Exercise
Print each line from the start of the records below up through the line where "Elizabeth Taylor in" is found, exactly as given.

(Scraped caption text data)
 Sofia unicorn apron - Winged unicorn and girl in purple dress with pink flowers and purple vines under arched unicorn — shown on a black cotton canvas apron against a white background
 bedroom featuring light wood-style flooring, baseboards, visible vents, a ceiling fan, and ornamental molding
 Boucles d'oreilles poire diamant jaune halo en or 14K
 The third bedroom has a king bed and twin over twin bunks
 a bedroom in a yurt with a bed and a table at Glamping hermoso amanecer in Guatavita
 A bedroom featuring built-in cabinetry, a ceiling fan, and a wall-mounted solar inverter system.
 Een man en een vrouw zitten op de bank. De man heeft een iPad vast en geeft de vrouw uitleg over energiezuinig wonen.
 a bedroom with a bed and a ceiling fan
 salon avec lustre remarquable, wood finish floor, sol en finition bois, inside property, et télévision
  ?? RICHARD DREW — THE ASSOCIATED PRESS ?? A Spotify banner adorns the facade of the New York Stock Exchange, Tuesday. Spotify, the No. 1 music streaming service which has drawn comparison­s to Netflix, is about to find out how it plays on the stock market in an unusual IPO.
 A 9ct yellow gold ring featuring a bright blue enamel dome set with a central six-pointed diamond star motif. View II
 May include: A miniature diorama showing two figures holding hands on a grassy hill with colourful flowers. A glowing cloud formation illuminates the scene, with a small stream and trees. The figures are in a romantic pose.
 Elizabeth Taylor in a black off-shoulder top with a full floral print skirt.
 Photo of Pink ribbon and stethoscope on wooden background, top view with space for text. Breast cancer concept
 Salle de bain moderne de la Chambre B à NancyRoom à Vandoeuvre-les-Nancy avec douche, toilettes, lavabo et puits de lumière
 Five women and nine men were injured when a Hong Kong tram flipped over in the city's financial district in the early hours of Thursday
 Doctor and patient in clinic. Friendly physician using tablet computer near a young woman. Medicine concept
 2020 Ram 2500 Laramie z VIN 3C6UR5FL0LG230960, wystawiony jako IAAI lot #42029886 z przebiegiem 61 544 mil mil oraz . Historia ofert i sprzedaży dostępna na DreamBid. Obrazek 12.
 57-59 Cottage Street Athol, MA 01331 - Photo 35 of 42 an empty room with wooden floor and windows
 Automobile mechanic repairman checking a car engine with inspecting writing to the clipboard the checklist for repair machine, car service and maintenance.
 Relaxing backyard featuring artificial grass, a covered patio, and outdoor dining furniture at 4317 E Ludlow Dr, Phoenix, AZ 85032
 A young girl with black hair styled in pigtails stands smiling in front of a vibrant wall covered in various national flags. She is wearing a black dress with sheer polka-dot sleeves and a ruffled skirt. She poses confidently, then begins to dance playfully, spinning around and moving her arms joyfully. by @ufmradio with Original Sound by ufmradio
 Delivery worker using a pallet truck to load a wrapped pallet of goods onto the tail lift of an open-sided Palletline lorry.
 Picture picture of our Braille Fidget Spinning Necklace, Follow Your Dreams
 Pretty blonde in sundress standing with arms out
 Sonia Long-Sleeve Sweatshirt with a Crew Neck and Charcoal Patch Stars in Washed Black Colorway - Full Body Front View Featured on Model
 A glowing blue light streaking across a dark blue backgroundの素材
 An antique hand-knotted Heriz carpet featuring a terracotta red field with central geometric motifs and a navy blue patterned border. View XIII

Response to this task
 Sofia unicorn apron - Winged unicorn and girl in purple dress with pink flowers and purple vines under arched unicorn — shown on a black cotton canvas apron against a white background
 bedroom featuring light wood-style flooring, baseboards, visible vents, a ceiling fan, and ornamental molding
 Boucles d'oreilles poire diamant jaune halo en or 14K
 The third bedroom has a king bed and twin over twin bunks
 a bedroom in a yurt with a bed and a table at Glamping hermoso amanecer in Guatavita
 A bedroom featuring built-in cabinetry, a ceiling fan, and a wall-mounted solar inverter system.
 Een man en een vrouw zitten op de bank. De man heeft een iPad vast en geeft de vrouw uitleg over energiezuinig wonen.
 a bedroom with a bed and a ceiling fan
 salon avec lustre remarquable, wood finish floor, sol en finition bois, inside property, et télévision
  ?? RICHARD DREW — THE ASSOCIATED PRESS ?? A Spotify banner adorns the facade of the New York Stock Exchange, Tuesday. Spotify, the No. 1 music streaming service which has drawn comparison­s to Netflix, is about to find out how it plays on the stock market in an unusual IPO.
 A 9ct yellow gold ring featuring a bright blue enamel dome set with a central six-pointed diamond star motif. View II
 May include: A miniature diorama showing two figures holding hands on a grassy hill with colourful flowers. A glowing cloud formation illuminates the scene, with a small stream and trees. The figures are in a romantic pose.
 Elizabeth Taylor in a black off-shoulder top with a full floral print skirt.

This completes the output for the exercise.